LGBT People and the Criminal Justice System (2016) examines US research which indicates that there is a ‘school-to-prison’ pipeline for young LGBT people and issues identified as significant in the pipeline such as homelessness and vulnerability. Drawing on research on women and the CJS in the UK we consider how stereotypical views about women affect outcomes and the implications for lesbians, or those considered lesbian, of such bias.

Legislation and policy not only govern what is legal or illegal in society, it also significantly influences the way a society perceives specific groups, their identity and how they should be treated. Homophobic and transphobic attacks have risen significantly in the UK since the recent vote to leave the EU. The BBC reported that hate crimes against lesbian, transgender, gay and bisexual people have more than doubled during July, August and September, compared to the same period in 2015.

The National Offender Management Service published ‘The Care and Management of Transgender Offenders’, their policy on transgender offenders, in November 2016 (PSI 17/2016).
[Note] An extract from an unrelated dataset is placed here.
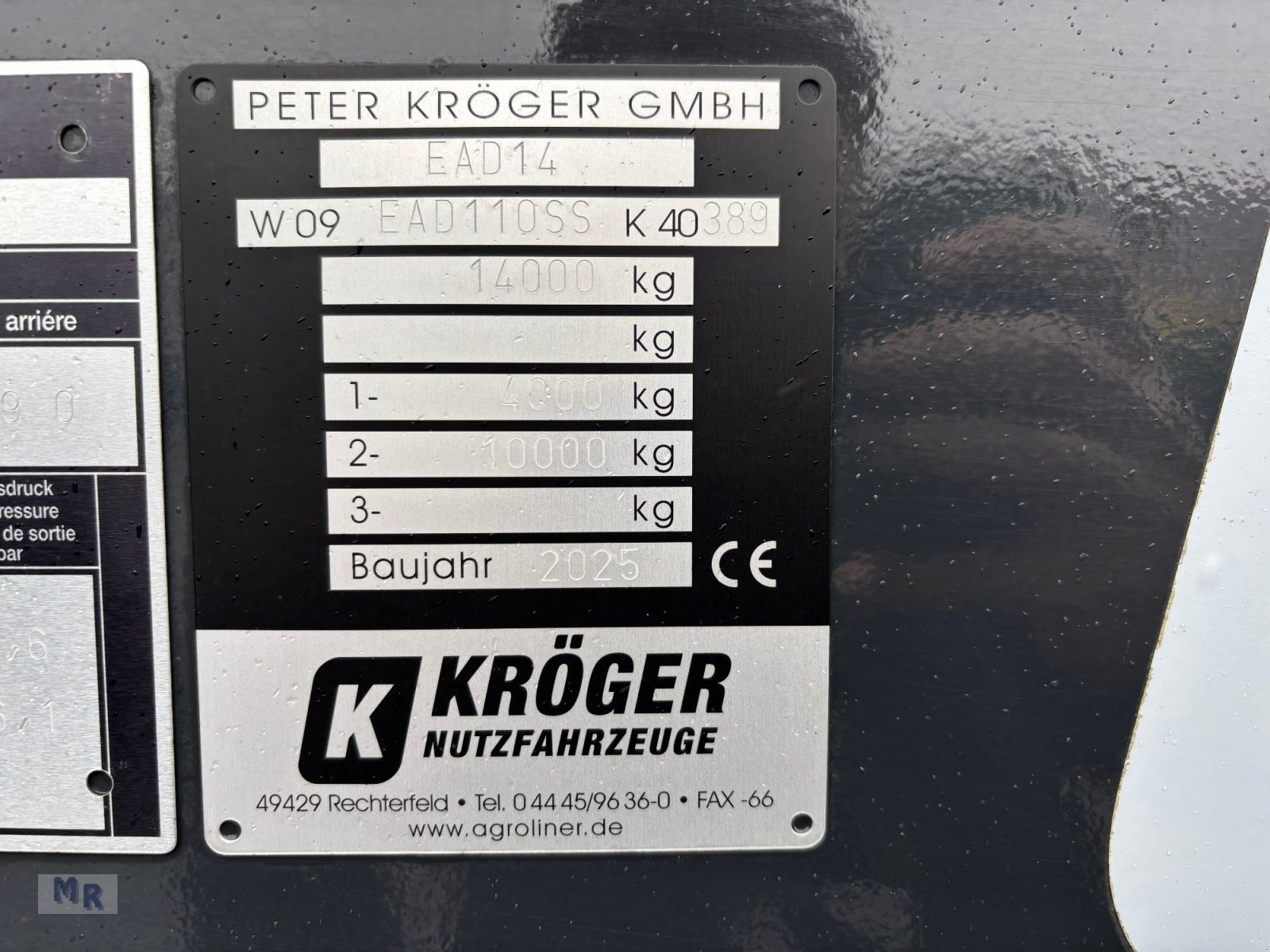 Dollyachse typu Kröger EAD14 445er Bereifung - Interne Nr. 40389, Gebrauchtmaschine v Greven (Obrázek 14)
NOMS have demonstrated their commitment to the rights of transgendered prisoners by developing policy to improve practice in this area. Their desired outcome is to ‘treat all transgender offenders in our care and under our supervision fairly, decently and lawfully’. Nevertheless there have been four deaths of transgendered women in prisons in the past 15 months. The most recent was Jenny Swift, 49, who was found dead at HMP Doncaster, an all-male prison, on 30 December 2016 (BBC News online 10th January 2017).

We also know there are issues in terms of sentencing, for example there is evidence from the US that sexual orientation might affect criminal justice outcomes for LGBT people. There appears to be a large over representation of lesbians on death row in the US and we have examined how lesbians and gay men are characterised by the media and prosecution when they appear before a judge and jurors. 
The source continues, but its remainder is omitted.